Walter B. Wriston '41 by Nancy Smith for the Wesleyan: The Wesleyan University Alumnus


Walter Wriston '41 changed the way banks do business.

In 1967 he became president of Citibank (then the First National City Bank in New York) and, a year later, of its parent holding company, Citicorp. At that time the banking industry was heavily regulated, predictable and basically risk-free. Today it is aggressive, innovative and often very risky indeed.

This change is due in large part to internal pressures in world markets that altered the international monetary system, sent interest rates, energy costs and prices soaring, and, through high-tech gadgetry, moved banking literally into the street. But in equally large part, this revolution is the result of the direct encouragement, inspiration and involvement of Walter Wriston.

Wriston has affected the environment of the banking industry in a number of ways. In 1961 he helped to develop the "certificate of deposit," or CD, which banks used increasingly in the 1960s and early 1970s to attract corporate funds. A confirmed advocate of laissez-faire capitalism, he pushed wherever he could for deregulation of banking and against inflexibility of interest and currency exchange rates. During the 1970s, Citicorp led all the other major banks in lending to the Third World--most notably in loans to such developing countries as Argentina, Brazil and Mexico.

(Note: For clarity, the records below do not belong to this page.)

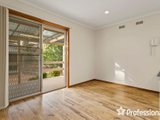 https://images.listonce.com.au/custom/160x/listings/31-milford-street-kilsyth-vic-3137/452/01526452_img_05.jpg?ILIubz14Q84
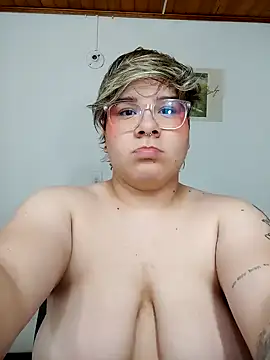 Snapshot of amalia_love chatting on February 2, 2025, 6:26 am amalia love online show from February 2, 2025, 6:26 am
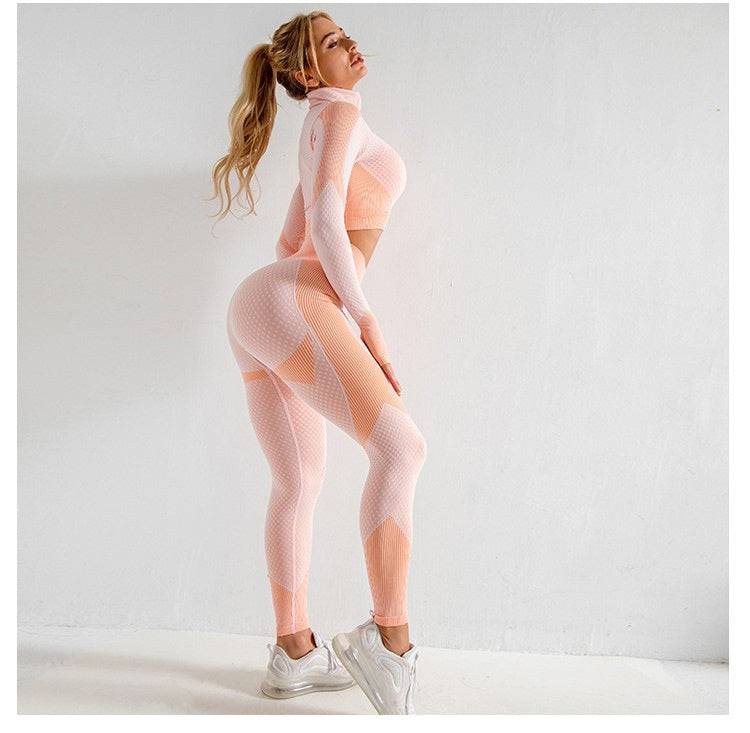 Дамски Спортен Комплект от 3 части ''Hero''.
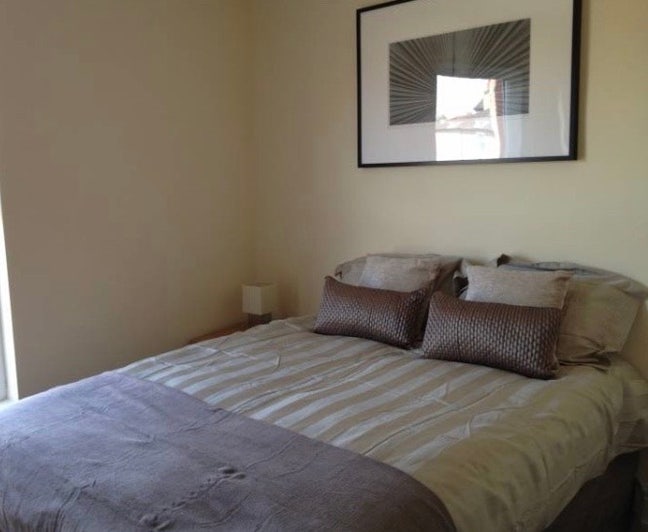 Redhill Town Centre! L Double Room Main Photo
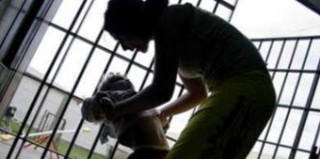 Figli in carcere con le madri detenute: “Aprire le case famiglia protette”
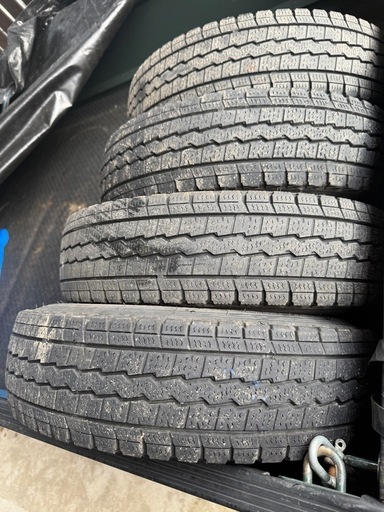 軽トラ、軽バンに！12インチブリヂストンスタッドレスタイヤ新品‼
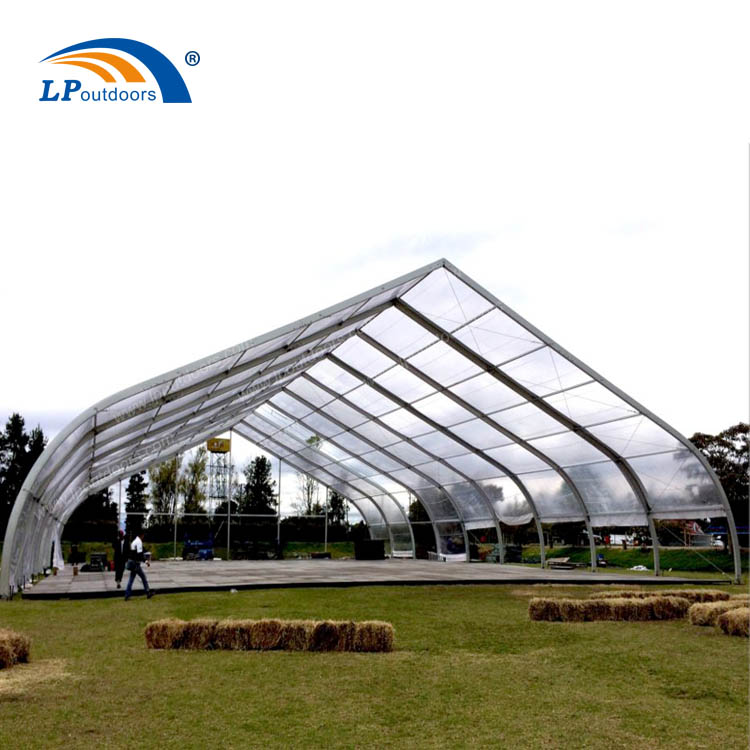 Изогнутая прозрачная палатка с защитой от ультрафиолета, временное здание для вечеринок для развлекательных мероприятий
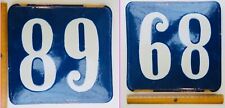 PLAQUE DE N° DE RUE, ANCIENNE, EN CÉRAMIQUE VERNISSÉE BLEU COBALT, N°68 OU 89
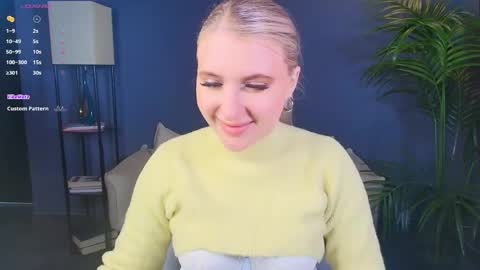 Eva  online show from 05-13-26, 02:42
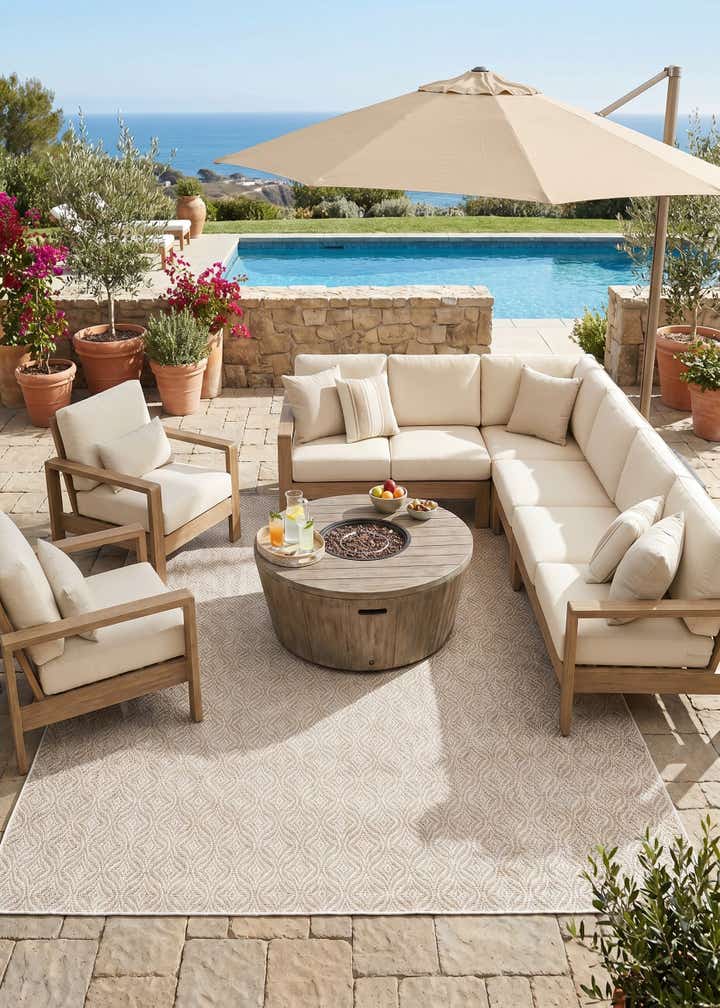 7' 10 x 10' Easy-Clean Lattice Indoor / Outdoor Rug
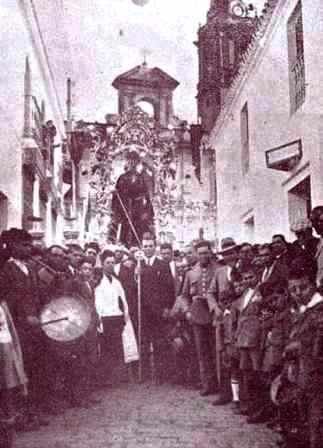 Foto de la procesión de San Antonio Abad en 1.936 en Trigueros (Huelva)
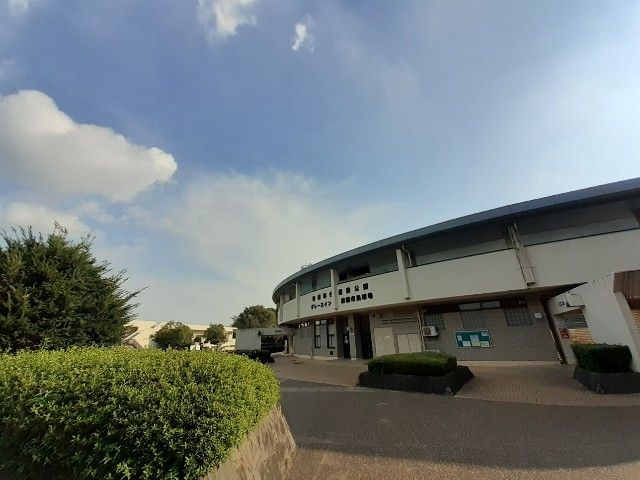 近くの公園まで650m（徒歩9分）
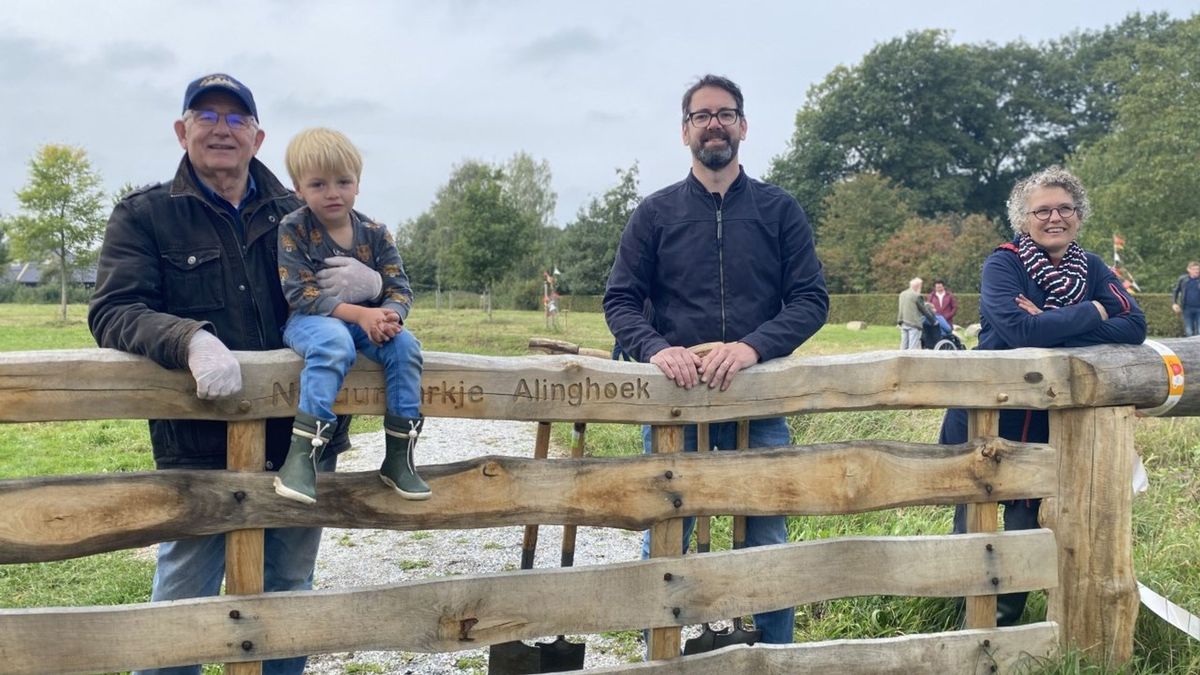 Drenthe komt samen op Burendag: 'Heel snel 2500 bloembollen de grond in'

Under Wriston, Citicorp broke down old barriers and expanded into areas that had been traditionally closed to commercial banks. He foresaw that, in a society undergoing rapid technological transition, banks would have to compete with the giant non-banking financial conglomerates like Sears, American Express and AT&T. With ingenuity and boldness he developed Citibank into a financial and technological "supermarket" capable of handling almost any kind of transaction. At Wriston's instigation, Citibank became a pioneer in the field of automated banking machines and interactive home computers. In the very near future, he believes, customers will be able to do all of their banking from their home terminals--move deposits, sell stocks, buy insurance. He expanded Citibank's horizons to include insurance and brokerage services, positioning it to compete with commercial companies in data-processing and communications, even, to some extent, in publishing and the hotel business. Citibank was the first bank in the United States to acquire its own transponder on a space satellite.

When Wriston retired last year as chairman and chief executive of Citibank, the compared his career to those of J. P. Morgan, A. P. Gianinni (founder of the Bank of America) and William McChesney Martin, longtime chairman of the Federal Reserve.

It was not only what he did, but the swashbuckling way he did it, that helped create the Wriston legend. An example: Congress passed a law that expressly prohibited bank holding companies from engaging in most aspects of the insurance industry. As a means of circumventing this restriction, Citicorp acquired a small bank in South Dakota. By doing its insurance business through a state-chartered bank, Citicorp could end-run the federal law.

Wriston exercised these principles of entrepreneurship and free enterprise as an administrator as well. At Citicorp he established a system of internal management that allowed managers and supervisors a degree of autonomy unusual among corporations of its size.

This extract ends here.